Fabrication and Characterization of Chitosan/TiO₂ Membranes for Scenedesmus Remediation

Abstract

Excess nutrients from human activities have triggered harmful algal blooms (HABs), degrading water quality and ecosystem health. Traditional control methods like ultrasonication and chemical coagulants are limited by high costs and risks of secondary pollution. To address these challenges, this study investigates the use of polymeric membranes as a cost-effective and sustainable solution. Specifically, the study focuses on the development and evaluation of chitosan/TiO₂ composite membranes for the removal of HABs. FTIR analysis confirmed the successful incorporation of TiO₂, as indicated by the presence of Ti–O stretching vibrations at 467–457 cm⁻¹ in the chitosan/TiO₂ composite.
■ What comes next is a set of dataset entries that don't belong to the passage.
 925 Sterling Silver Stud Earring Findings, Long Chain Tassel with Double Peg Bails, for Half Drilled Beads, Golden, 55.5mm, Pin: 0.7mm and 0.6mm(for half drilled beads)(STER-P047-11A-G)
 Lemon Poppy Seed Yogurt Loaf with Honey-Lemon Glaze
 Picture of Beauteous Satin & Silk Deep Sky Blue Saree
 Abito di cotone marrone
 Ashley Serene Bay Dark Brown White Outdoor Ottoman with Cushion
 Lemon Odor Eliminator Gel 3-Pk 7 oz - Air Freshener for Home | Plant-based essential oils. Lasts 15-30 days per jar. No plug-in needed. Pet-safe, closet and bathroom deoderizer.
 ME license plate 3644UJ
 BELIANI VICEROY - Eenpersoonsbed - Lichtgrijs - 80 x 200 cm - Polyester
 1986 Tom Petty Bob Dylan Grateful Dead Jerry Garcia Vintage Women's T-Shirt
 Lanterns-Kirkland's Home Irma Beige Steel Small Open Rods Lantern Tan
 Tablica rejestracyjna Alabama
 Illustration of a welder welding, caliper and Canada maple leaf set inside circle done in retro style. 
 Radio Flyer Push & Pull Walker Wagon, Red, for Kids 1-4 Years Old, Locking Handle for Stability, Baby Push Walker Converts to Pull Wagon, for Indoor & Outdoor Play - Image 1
TGA results revealed that membranes with higher TiO₂ content exhibited lower weight loss, with the 1:2 chitosan/TiO₂ composition showing a weight loss of 49.61%. Algae removal efficiency was assessed using light microscopy at different time intervals: 30 minutes, 1 hour, 4 hours, and 8 hours. The chitosan-based membranes demonstrated high algae removal efficiency, with chitosan alone achieving 37.64%, 1:1 chitosan/TiO₂ reaching 42.63%, and 1:2 chitosan/TiO₂ achieving the highest at 60.56%. A nitrate absorption test was also conducted to evaluate nutrient removal capacity. Interestingly, the chitosan-only membrane exhibited the highest nitrate absorption (33.98%), while the chitosan/TiO₂ composites showed reduced absorption efficiency. These findings highlight the potential of chitosan/TiO₂ composite membranes for treating HAB-affected water through dual mechanisms: algal removal and nutrient reduction. Such membranes could be integrated into water treatment facilities, aquaculture systems, and lake restoration initiatives to mitigate HABs and enhance water quality.